Bloomberg Intelligence Podcast
Episode: Meta Signs Multi-Gigawatt Nuclear Deals for AI Data Centers
Date: January 9, 2026
Hosts: Scarlet Fu & Paul Sweeney
Guests: Mandeep Singh (Tech), Michael Halen (Restaurants), Craig Trudell (Autos)
Episode Overview
This episode explores three core industry stories:
- Meta's massive nuclear power deal with Vistra to fuel its AI data centers
- Recent shifts and challenges in the U.S. restaurant industry, particularly due to the flu season
- The ongoing and complex transition of major automakers to electric vehicles (EVs) and hybrids
Experts from Bloomberg Intelligence provide context, insight, and analysis on the financial and strategic decisions behind these major moves.

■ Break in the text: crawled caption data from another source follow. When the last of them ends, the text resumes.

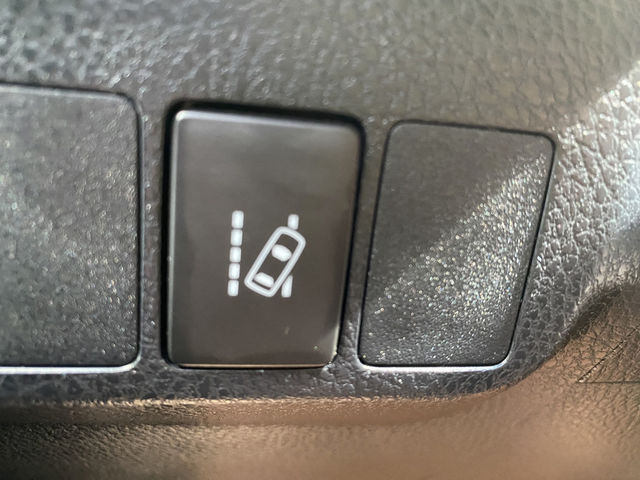 TOYOTA豐田 RAV4  第17張相片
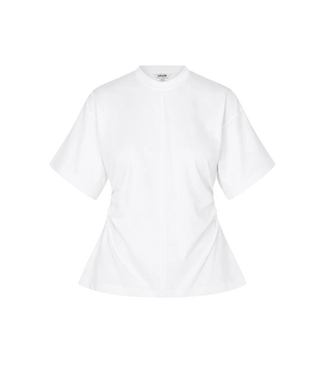 MbyM Altagracia Top - White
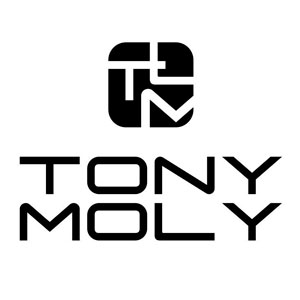 TONY MOLY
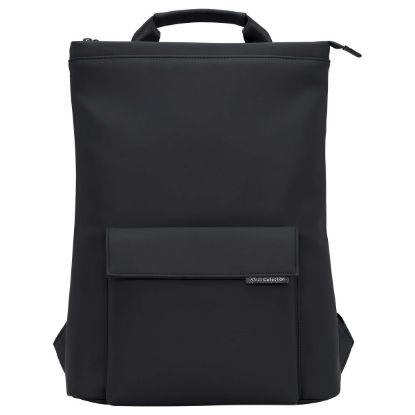 Imagem de Mochila 16" Asus Vigour Preta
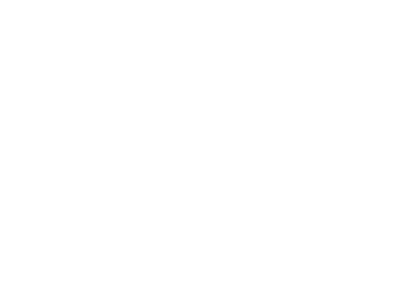 Logo SOCIETE DE TRAVAUX PUBLICS MOSELLANS (STPM)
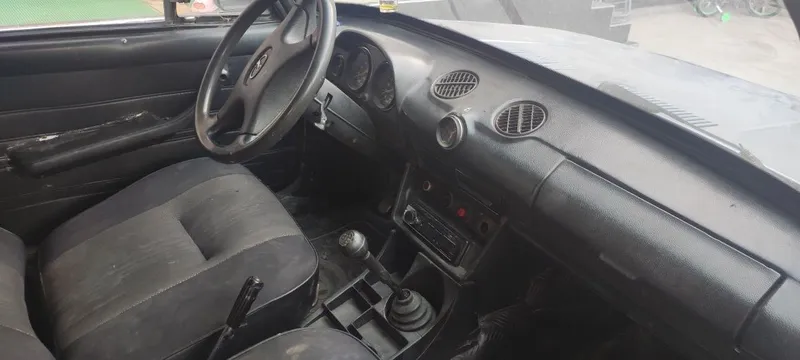 Запчастга сотилади 4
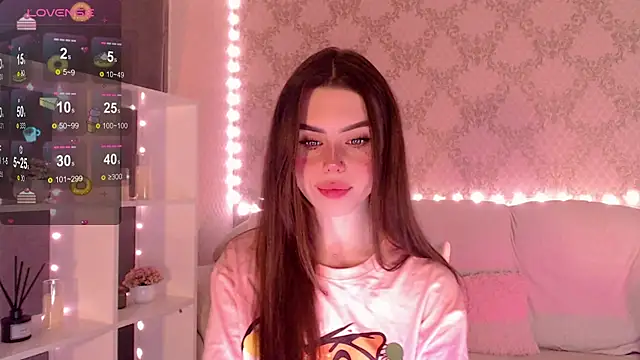 HolyMiax online show from 10-23-25, 03:49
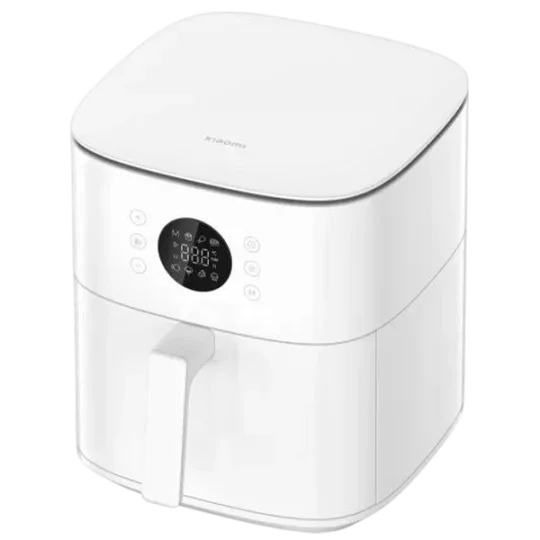 Xiaomi Air Fryer BHR083MEU 6500ml White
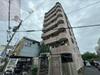 ウエンズ小路 6階 築27年5ヶ月の賃貸物件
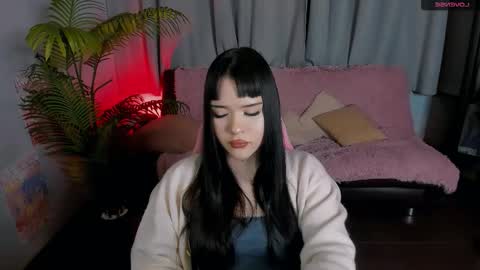 Brittany online show from March 13, 2026, 9:32 pm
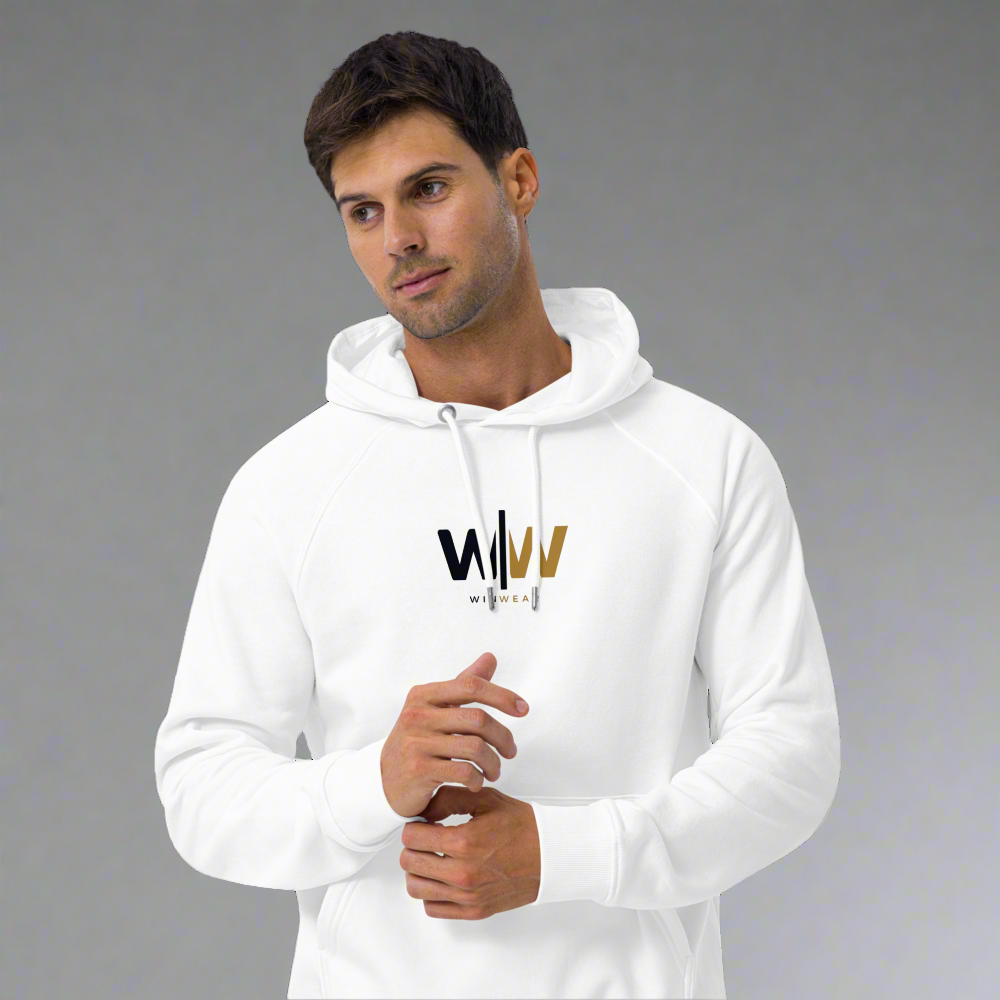 Winwear Originals Hoodie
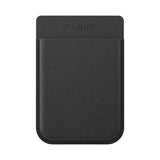 PLAUD Note Smart Voice Recorder, Audio Recorder with Transcribe & Summarize Empowered by ChatGPT, App Control, 64GB Memory, Perfect for Calls, Meetings, Interviews, Silver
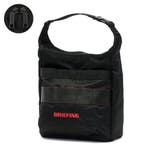 ブラック(010) | 日本正規品 ブリーフィングゴルフ トートバッグ | ギャレリア Bag&Luggage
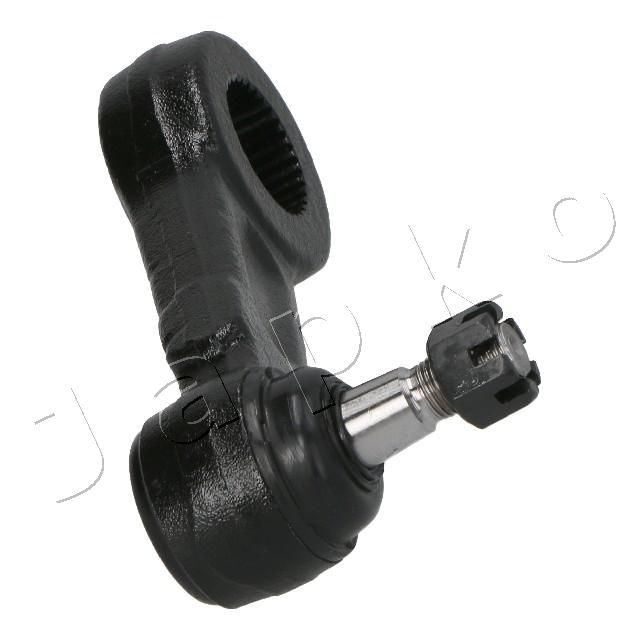 JAPKO 52500 Steering Arm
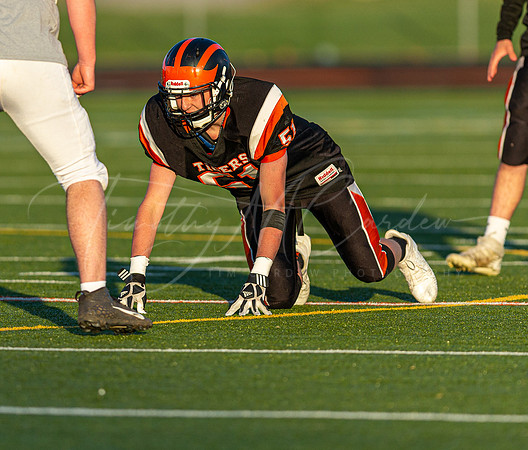 Ipswich vs Hamilton-Wenham Varsity Football Game 2021_2021-04-23_06-46-31_AB5W1433_@TimCardew_2021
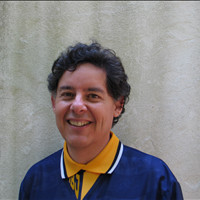 JohnCervantes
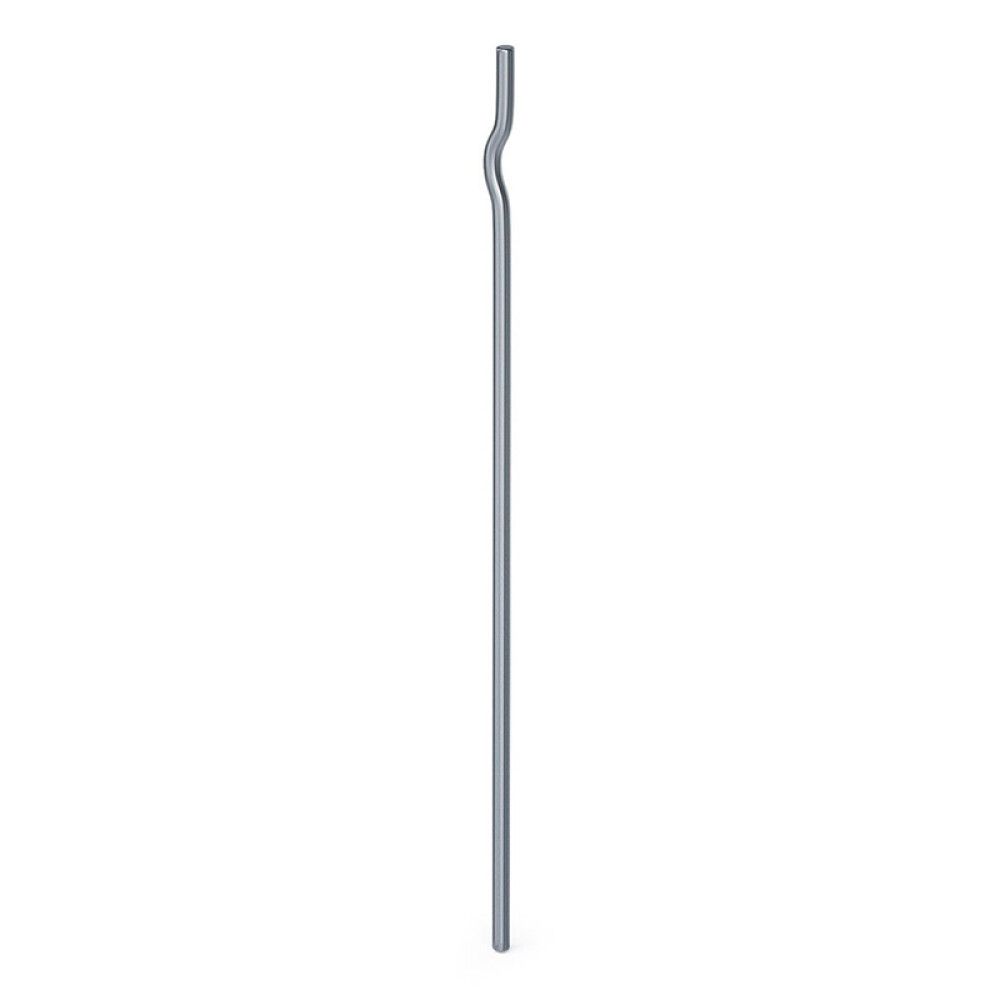 PINNE TIL PALLEKARM 4PK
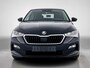 Skoda Scala 1.0 TSI Active | PARKEERSENSOREN | CLIMATE CONTROL | STOELVERWARMING | NAVIGATIE | CRUISE CONTROL |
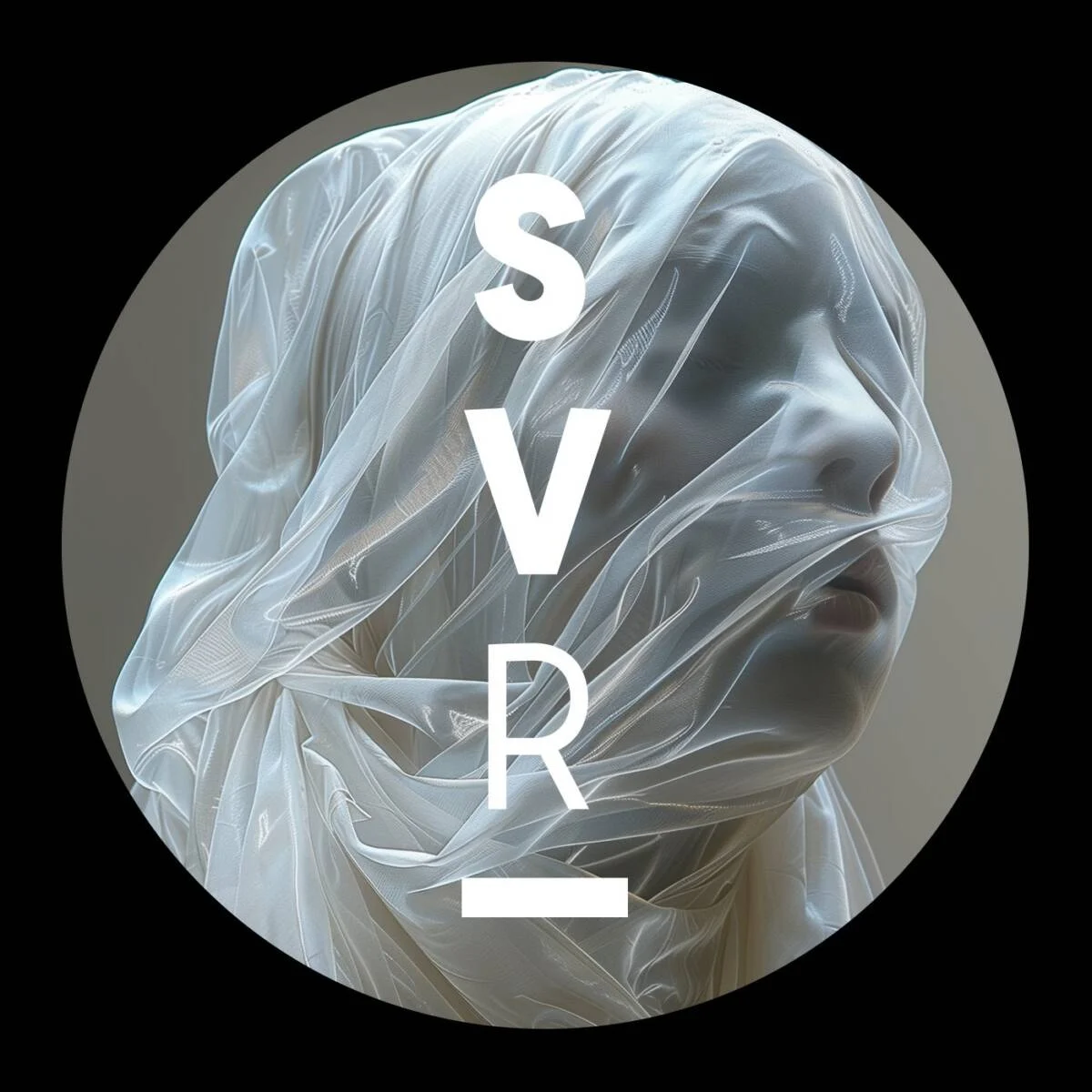Maxim Thierry – SVRSR028 on Sous-Vide Records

1. Meta’s Multi-Gigawatt Nuclear Deal: Powering the Next Generation of AI
Guest: Mandeep Singh, Global Tech Research Head, Bloomberg Intelligence
Segment Starts: 00:42
Key Discussion Points
- Meta’s Historic Nuclear Power Commitment
- Meta has signed a multi-gigawatt nuclear power deal with Vistra.
- The company’s AI ambitions require immense energy resources.
- AI Data Center Capacity Economics
- “1 gigawatt of AI data center capacity costs about $50 billion... When you think about 6.6 gigawatt and we already know OpenAI has committed to about 26 gigawatts... Clearly these companies have big ambitions.”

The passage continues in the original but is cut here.